▸ Exercise prompt: Output the listing below, keeping each line exactly as it stands.
◆ ◆ ◆
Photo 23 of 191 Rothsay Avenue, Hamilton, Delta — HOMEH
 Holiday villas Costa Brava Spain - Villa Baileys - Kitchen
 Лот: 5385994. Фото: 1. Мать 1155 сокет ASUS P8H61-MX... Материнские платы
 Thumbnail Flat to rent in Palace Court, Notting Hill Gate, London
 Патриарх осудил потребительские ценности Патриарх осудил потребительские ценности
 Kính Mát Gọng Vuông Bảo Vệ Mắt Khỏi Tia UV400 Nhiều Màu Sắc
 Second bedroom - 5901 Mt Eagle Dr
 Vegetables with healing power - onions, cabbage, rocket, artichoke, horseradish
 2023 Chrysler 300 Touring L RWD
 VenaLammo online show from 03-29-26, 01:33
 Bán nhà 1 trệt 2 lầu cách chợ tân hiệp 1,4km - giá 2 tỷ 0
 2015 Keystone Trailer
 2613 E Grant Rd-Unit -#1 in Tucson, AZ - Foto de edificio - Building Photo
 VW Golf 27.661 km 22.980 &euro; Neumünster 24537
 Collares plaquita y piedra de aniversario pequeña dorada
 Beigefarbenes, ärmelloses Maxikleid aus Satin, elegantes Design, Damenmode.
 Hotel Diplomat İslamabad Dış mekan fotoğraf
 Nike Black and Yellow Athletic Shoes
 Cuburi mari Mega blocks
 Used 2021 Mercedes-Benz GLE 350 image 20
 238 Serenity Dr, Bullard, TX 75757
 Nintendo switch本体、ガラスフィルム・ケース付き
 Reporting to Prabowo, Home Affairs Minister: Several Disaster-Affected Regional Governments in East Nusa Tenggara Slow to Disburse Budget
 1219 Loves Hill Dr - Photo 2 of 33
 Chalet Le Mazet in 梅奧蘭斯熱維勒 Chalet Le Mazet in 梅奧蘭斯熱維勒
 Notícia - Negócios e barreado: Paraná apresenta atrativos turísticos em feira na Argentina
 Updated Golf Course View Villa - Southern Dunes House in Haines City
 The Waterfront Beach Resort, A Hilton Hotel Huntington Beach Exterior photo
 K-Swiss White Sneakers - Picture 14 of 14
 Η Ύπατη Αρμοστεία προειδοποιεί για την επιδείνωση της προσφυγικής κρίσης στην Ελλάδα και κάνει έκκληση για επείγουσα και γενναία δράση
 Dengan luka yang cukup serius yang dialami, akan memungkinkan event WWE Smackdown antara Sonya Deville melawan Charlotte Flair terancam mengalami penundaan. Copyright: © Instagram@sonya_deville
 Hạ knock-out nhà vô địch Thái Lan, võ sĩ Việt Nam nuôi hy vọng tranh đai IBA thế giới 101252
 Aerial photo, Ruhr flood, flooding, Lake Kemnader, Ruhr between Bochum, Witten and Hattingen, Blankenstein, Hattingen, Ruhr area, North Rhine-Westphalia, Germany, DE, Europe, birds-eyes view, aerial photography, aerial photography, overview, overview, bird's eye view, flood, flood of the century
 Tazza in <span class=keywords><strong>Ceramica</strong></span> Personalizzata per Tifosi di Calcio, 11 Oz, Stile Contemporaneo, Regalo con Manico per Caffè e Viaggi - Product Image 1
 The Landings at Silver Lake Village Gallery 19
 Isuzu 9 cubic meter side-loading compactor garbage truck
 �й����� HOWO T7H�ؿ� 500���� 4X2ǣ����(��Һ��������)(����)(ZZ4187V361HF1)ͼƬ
◆ ◆ ◆
▸ Your solution:
Photo 23 of 191 Rothsay Avenue, Hamilton, Delta — HOMEH
 Holiday villas Costa Brava Spain - Villa Baileys - Kitchen
 Лот: 5385994. Фото: 1. Мать 1155 сокет ASUS P8H61-MX... Материнские платы
 Thumbnail Flat to rent in Palace Court, Notting Hill Gate, London
 Патриарх осудил потребительские ценности Патриарх осудил потребительские ценности
 Kính Mát Gọng Vuông Bảo Vệ Mắt Khỏi Tia UV400 Nhiều Màu Sắc
 Second bedroom - 5901 Mt Eagle Dr
 Vegetables with healing power - onions, cabbage, rocket, artichoke, horseradish
 2023 Chrysler 300 Touring L RWD
 VenaLammo online show from 03-29-26, 01:33
 Bán nhà 1 trệt 2 lầu cách chợ tân hiệp 1,4km - giá 2 tỷ 0
 2015 Keystone Trailer
 2613 E Grant Rd-Unit -#1 in Tucson, AZ - Foto de edificio - Building Photo
 VW Golf 27.661 km 22.980 &euro; Neumünster 24537
 Collares plaquita y piedra de aniversario pequeña dorada
 Beigefarbenes, ärmelloses Maxikleid aus Satin, elegantes Design, Damenmode.
 Hotel Diplomat İslamabad Dış mekan fotoğraf
 Nike Black and Yellow Athletic Shoes
 Cuburi mari Mega blocks
 Used 2021 Mercedes-Benz GLE 350 image 20
 238 Serenity Dr, Bullard, TX 75757
 Nintendo switch本体、ガラスフィルム・ケース付き
 Reporting to Prabowo, Home Affairs Minister: Several Disaster-Affected Regional Governments in East Nusa Tenggara Slow to Disburse Budget
 1219 Loves Hill Dr - Photo 2 of 33
 Chalet Le Mazet in 梅奧蘭斯熱維勒 Chalet Le Mazet in 梅奧蘭斯熱維勒
 Notícia - Negócios e barreado: Paraná apresenta atrativos turísticos em feira na Argentina
 Updated Golf Course View Villa - Southern Dunes House in Haines City
 The Waterfront Beach Resort, A Hilton Hotel Huntington Beach Exterior photo
 K-Swiss White Sneakers - Picture 14 of 14
 Η Ύπατη Αρμοστεία προειδοποιεί για την επιδείνωση της προσφυγικής κρίσης στην Ελλάδα και κάνει έκκληση για επείγουσα και γενναία δράση
 Dengan luka yang cukup serius yang dialami, akan memungkinkan event WWE Smackdown antara Sonya Deville melawan Charlotte Flair terancam mengalami penundaan. Copyright: © Instagram@sonya_deville
 Hạ knock-out nhà vô địch Thái Lan, võ sĩ Việt Nam nuôi hy vọng tranh đai IBA thế giới 101252
 Aerial photo, Ruhr flood, flooding, Lake Kemnader, Ruhr between Bochum, Witten and Hattingen, Blankenstein, Hattingen, Ruhr area, North Rhine-Westphalia, Germany, DE, Europe, birds-eyes view, aerial photography, aerial photography, overview, overview, bird's eye view, flood, flood of the century
 Tazza in <span class=keywords><strong>Ceramica</strong></span> Personalizzata per Tifosi di Calcio, 11 Oz, Stile Contemporaneo, Regalo con Manico per Caffè e Viaggi - Product Image 1
 The Landings at Silver Lake Village Gallery 19
 Isuzu 9 cubic meter side-loading compactor garbage truck
 �й����� HOWO T7H�ؿ� 500���� 4X2ǣ����(��Һ��������)(����)(ZZ4187V361HF1)ͼƬ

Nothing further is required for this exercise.